Copy the entries below word for word, minus the pictures.

### Data for review
○ ○ ○ ○ ○
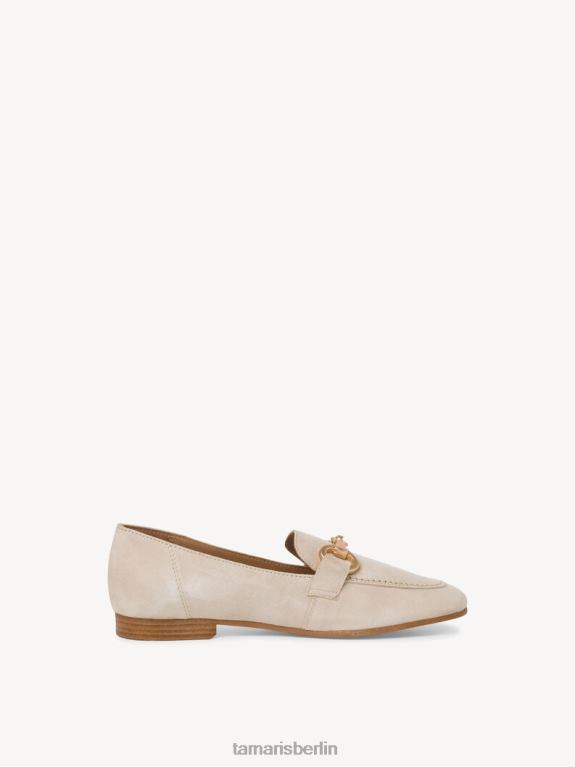 de Tamaris Frauen Lederpantoffel - Beige/Elfenbein 0LHV42326 Schuhe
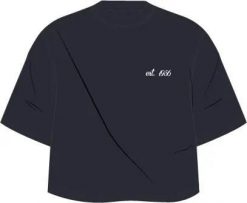 Bjorn_borg STUDIO OVERSIZED CROPPED T-SHIRT NIGHT SKY. Niebieskie t-shirty damskie Björn Borg, l, bez wzorów, bez kołnierzyka. Za 270.50 zł.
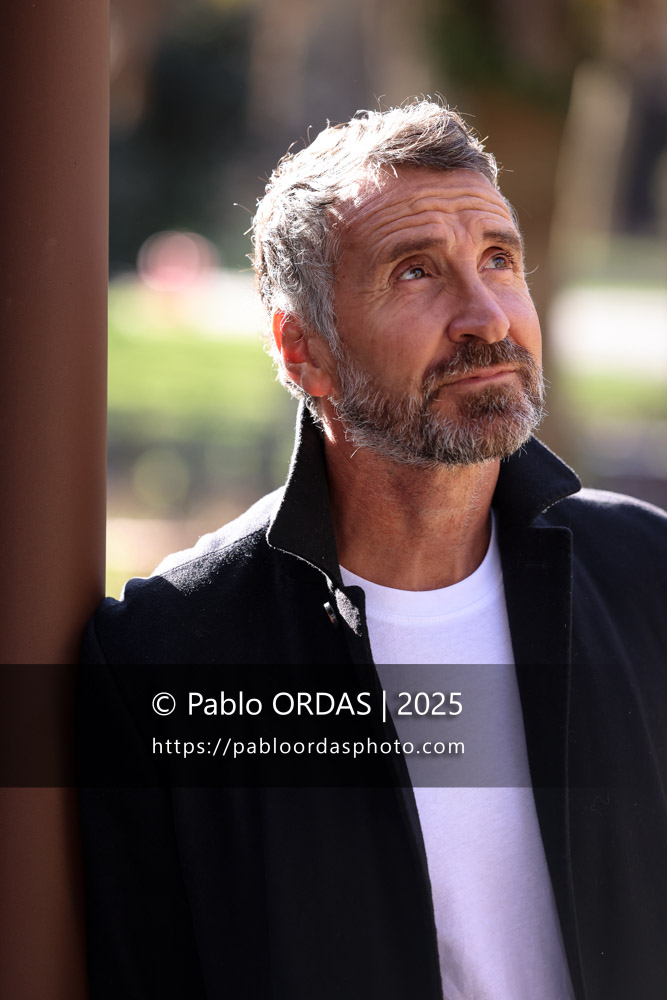 Portrait de Vincent Etcheto, le 26 février 2025 à Bayonne, France (Photo Pablo ORDAS)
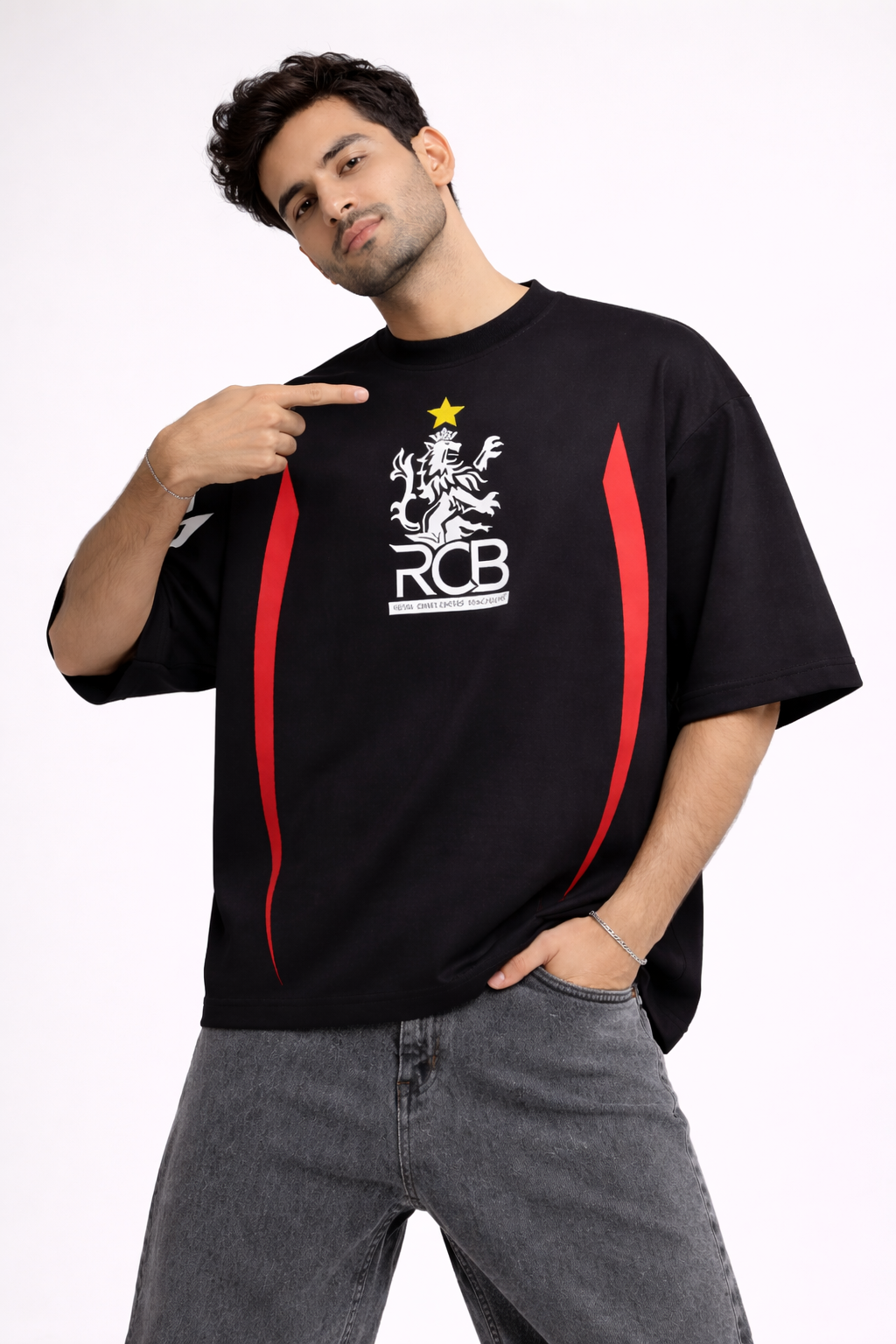 RCB Midnight Strike Oversized Tee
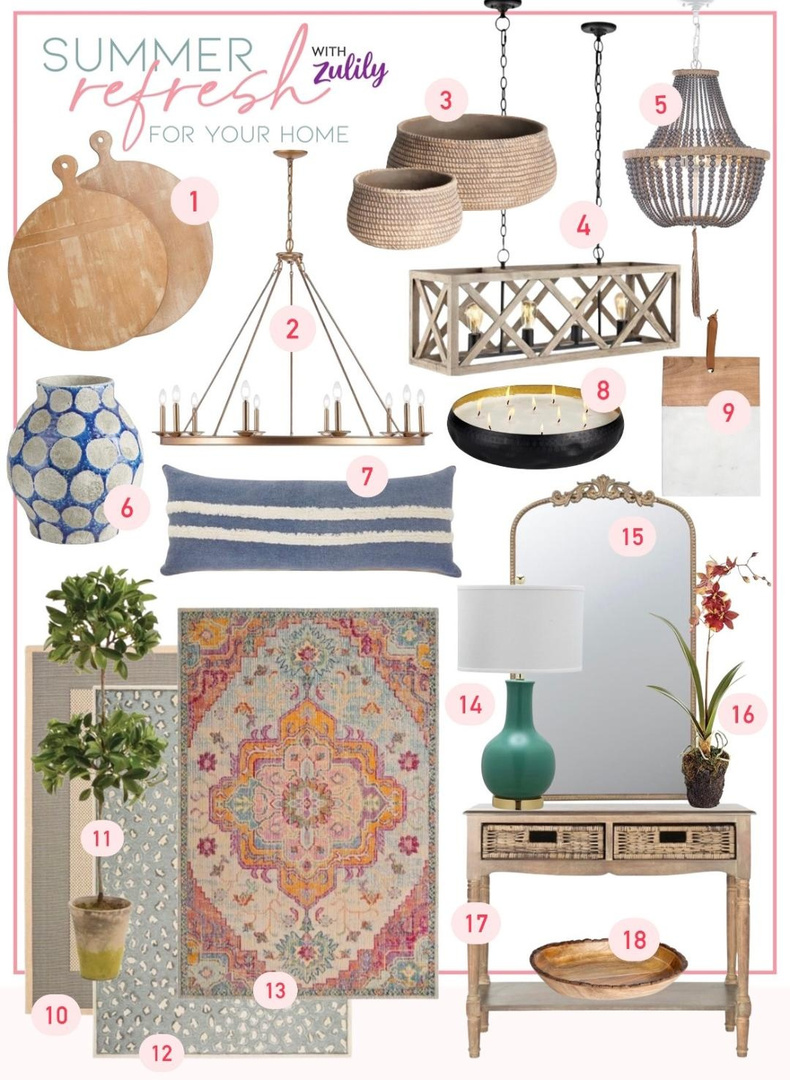 Fashion Look Featuring Foreside Cutting Boards and Safavieh Chandeliers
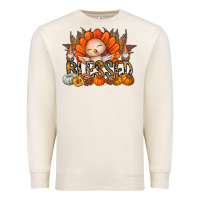 Sandshell Thanksgiving Turkey Pumpkin Blessed Premium Sweatshirt - CowhideDigitalArt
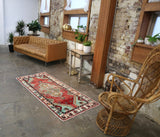 Vintage Faded Anatolian Turkish Rug 2.9x6.1ft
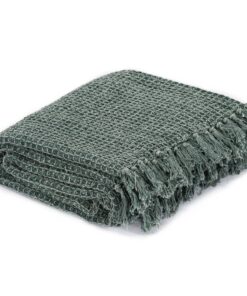 vidaXL Plaid 160x210 cm katoen donkergroen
○ ○ ○ ○ ○
### The answer
 de Tamaris Frauen Lederpantoffel - Beige/Elfenbein 0LHV42326 Schuhe
 Bjorn_borg STUDIO OVERSIZED CROPPED T-SHIRT NIGHT SKY. Niebieskie t-shirty damskie Björn Borg, l, bez wzorów, bez kołnierzyka. Za 270.50 zł.
 Portrait de Vincent Etcheto, le 26 février 2025 à Bayonne, France (Photo Pablo ORDAS)
 RCB Midnight Strike Oversized Tee
 Fashion Look Featuring Foreside Cutting Boards and Safavieh Chandeliers
 Sandshell Thanksgiving Turkey Pumpkin Blessed Premium Sweatshirt - CowhideDigitalArt
 Vintage Faded Anatolian Turkish Rug 2.9x6.1ft
 vidaXL Plaid 160x210 cm katoen donkergroen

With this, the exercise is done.